I love the show Two Broke Girls, love the relationship between the friends and the entire concept (at least through the second season, which is as far as I’ve binged so far). The idea of owning a bakery has been a dream of mine for a long, long time. The virtual bakery is a way to write my way into the dream, because I’m always going to be a writer first and neither bakery owner nor writer sounds like something that could be added part time.

When I first saw the first season’s two-part finale with Martha Stewart, I became enamored of Max’s Homemade Beer Batter Maple Bacon Spring Break Cupcakes.

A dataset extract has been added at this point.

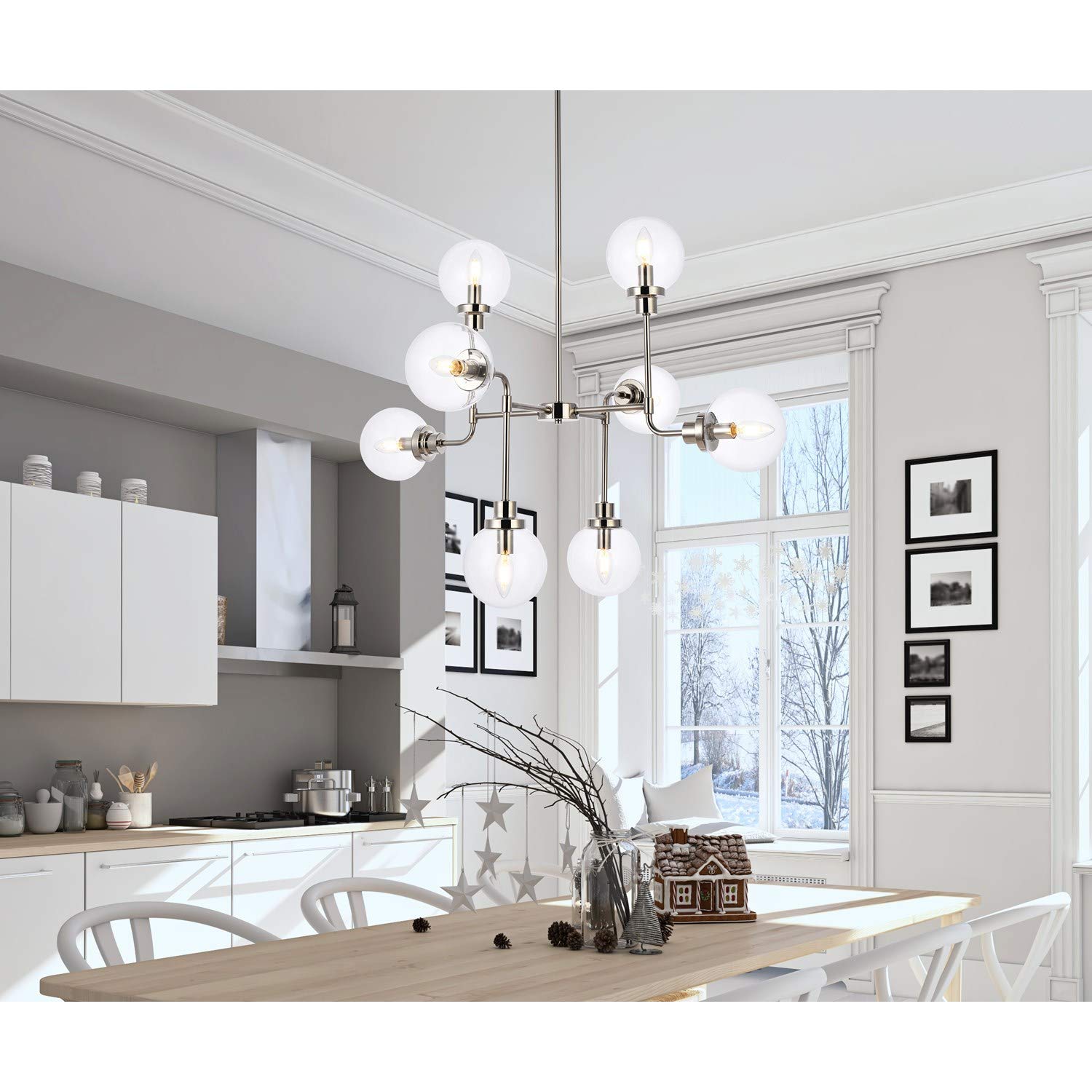 Hanson 8-Light Modern Pendant Lighting Fixture in Polished Nickel with Clear Glass Shade - Perfect for Dining Room, Kitchen Island, or Entryway Lighting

I went looking for a recipe and found one online that led me to the beer I’m using (a light, citrusy brew) and the idea for a white cake, not chocolate. Have to admit, I didn’t realize Max’s was chocolate and I’m not a fan of chocolate. I made the one I found online [https://londonfare.wordpress.com/2013/03/01/beer-batter-maple-bacon-spring-break-cupcakes/] and it’s good, but I wanted to try it with my own cupcake recipe, a 1-2-3-4 cake, and add in the high altitude parts.

This is the result. I made them on March 21, following intermittent desert rainstorms when our humidity is about as high as it ever gets – 90 percent. The temp was around 40 and while there wasn’t a lot of wind, what there was held icy raindrops even as the sun continued to shine. Because that’s what it does here.

The cakes

6 tablespoons shortening (I used stick Crisco, not the butter flavored)

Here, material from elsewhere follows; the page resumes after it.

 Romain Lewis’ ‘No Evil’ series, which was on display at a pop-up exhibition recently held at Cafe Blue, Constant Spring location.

1 cup sugar minus 1 tablespoon

2 tablespoons hot water

2 eggs, room temperature

1 tsp vanilla

1 ½ cups cake flour plus 2 tablespoons (I’ve never used cake flour in my life – this was unbleached)

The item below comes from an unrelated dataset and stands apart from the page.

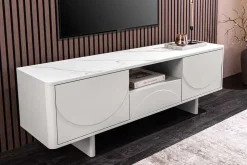 Design TV-Board SAVOY 150cm kaschmir weiß Marmor Keramik mit Stauraum und 3D-Front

7/8 teaspoon baking powder

½ teaspoon salt

½ cup beer plus 2 tablespoons plus 3 teaspoons

Cream shortening and sugar thoroughly. Add hot water and beat until mixture is light and fluffy. Add eggs, unbeaten, one at a time, and beat mixture well after each addition. (Note: Breaking the eggs into a glass dish before adding to the batter gives you a chance to check for and pick out any shell fragments.)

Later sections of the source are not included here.